▶ **Activity**: Return the stretch from the line with "May include: A" through the line with "Szary gres z" in the data below, character for character, skipping all pictures.

▶ **Records provided**:
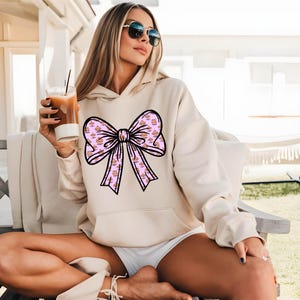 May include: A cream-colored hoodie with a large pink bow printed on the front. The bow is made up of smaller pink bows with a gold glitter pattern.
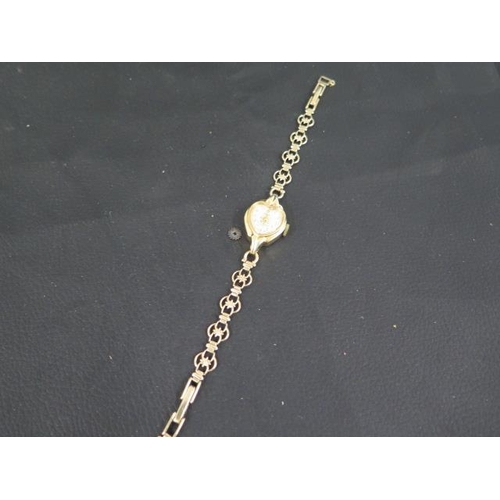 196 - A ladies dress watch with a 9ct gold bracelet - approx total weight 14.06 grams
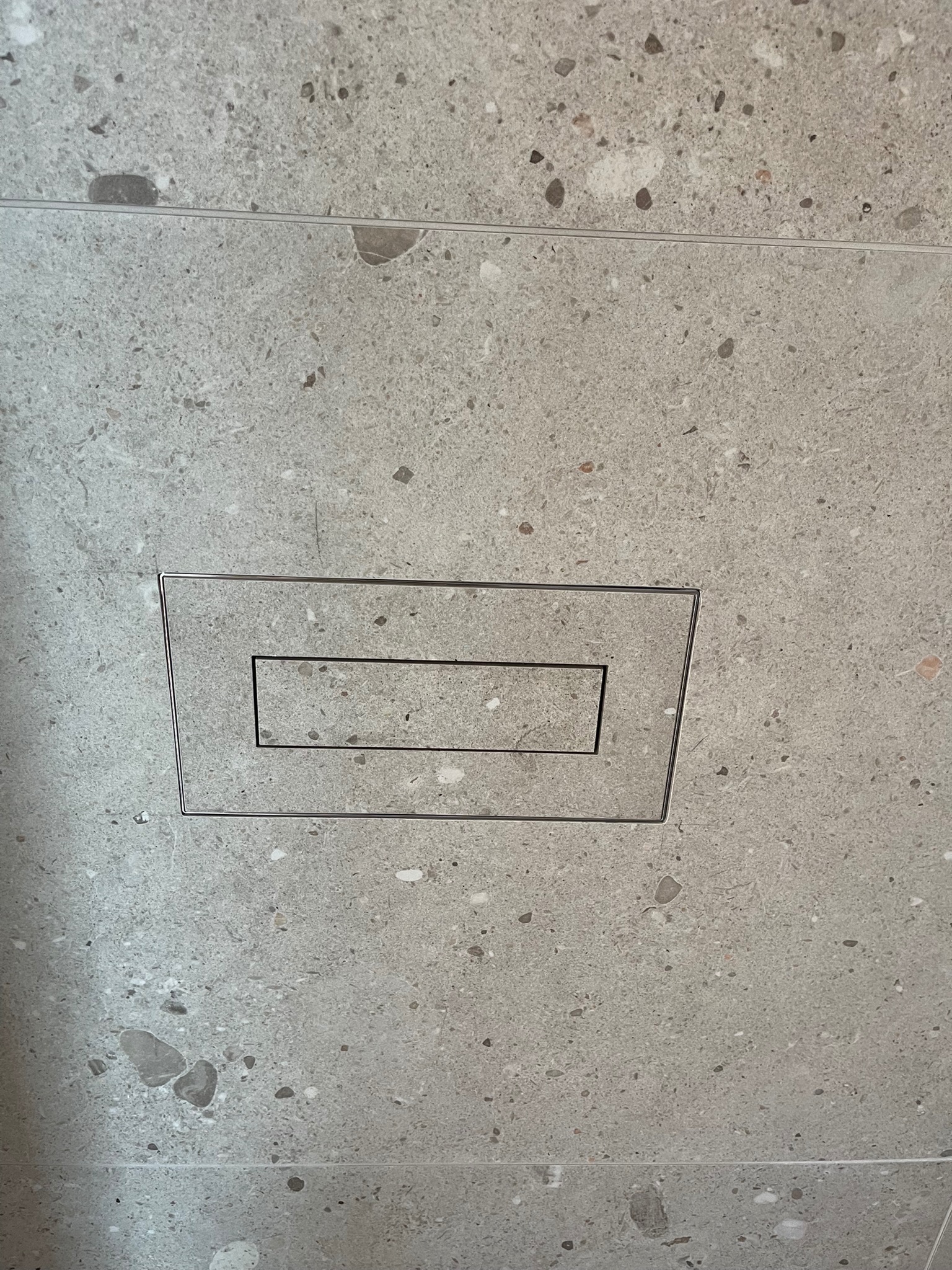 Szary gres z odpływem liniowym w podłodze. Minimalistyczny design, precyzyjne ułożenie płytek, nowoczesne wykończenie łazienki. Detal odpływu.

* * *

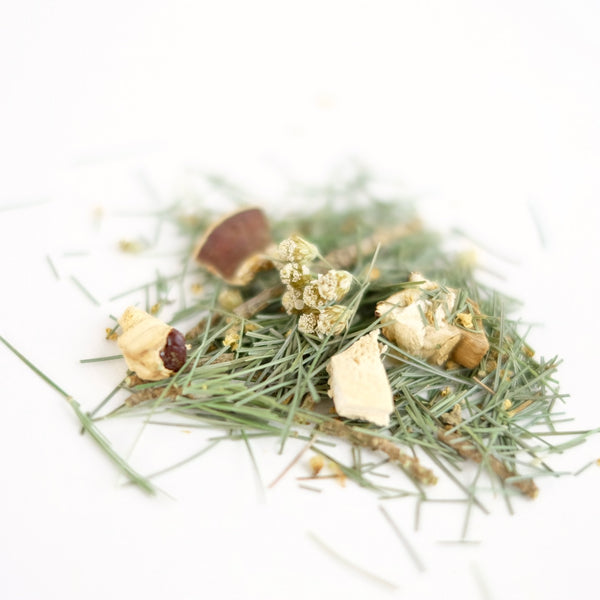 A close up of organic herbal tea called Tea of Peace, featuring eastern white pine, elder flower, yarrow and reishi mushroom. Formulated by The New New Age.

---

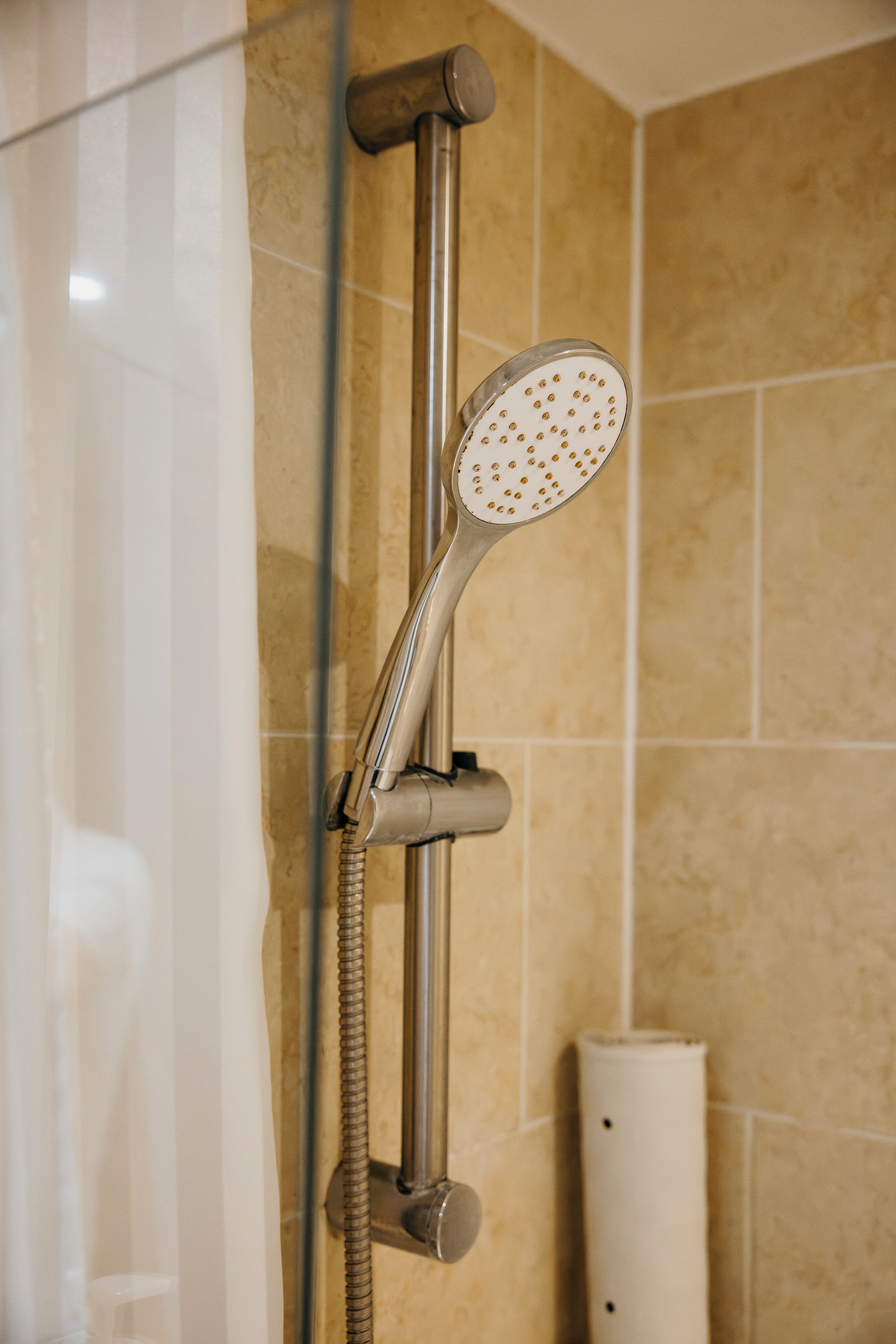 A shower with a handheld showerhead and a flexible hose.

▶ **Solution to this problem**:
 May include: A cream-colored hoodie with a large pink bow printed on the front. The bow is made up of smaller pink bows with a gold glitter pattern.
 196 - A ladies dress watch with a 9ct gold bracelet - approx total weight 14.06 grams
 Szary gres z odpływem liniowym w podłodze. Minimalistyczny design, precyzyjne ułożenie płytek, nowoczesne wykończenie łazienki. Detal odpływu.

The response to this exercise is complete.